LISTED RECORDS Start Marker

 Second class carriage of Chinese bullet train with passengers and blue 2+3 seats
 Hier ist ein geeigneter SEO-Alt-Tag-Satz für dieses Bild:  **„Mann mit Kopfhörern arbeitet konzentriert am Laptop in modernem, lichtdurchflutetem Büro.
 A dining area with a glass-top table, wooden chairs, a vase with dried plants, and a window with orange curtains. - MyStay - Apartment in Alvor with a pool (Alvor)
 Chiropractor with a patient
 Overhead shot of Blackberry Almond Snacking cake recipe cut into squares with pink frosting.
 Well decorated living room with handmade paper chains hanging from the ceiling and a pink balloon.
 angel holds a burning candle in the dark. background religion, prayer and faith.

LISTED RECORDS End Marker

Your answer must be the lines from the one holding "Chiropractor with a patient" to the end of the listing above, exactly as written and nothing else.

EXERCISE OUTPUT:
 Chiropractor with a patient
 Overhead shot of Blackberry Almond Snacking cake recipe cut into squares with pink frosting.
 Well decorated living room with handmade paper chains hanging from the ceiling and a pink balloon.
 angel holds a burning candle in the dark. background religion, prayer and faith.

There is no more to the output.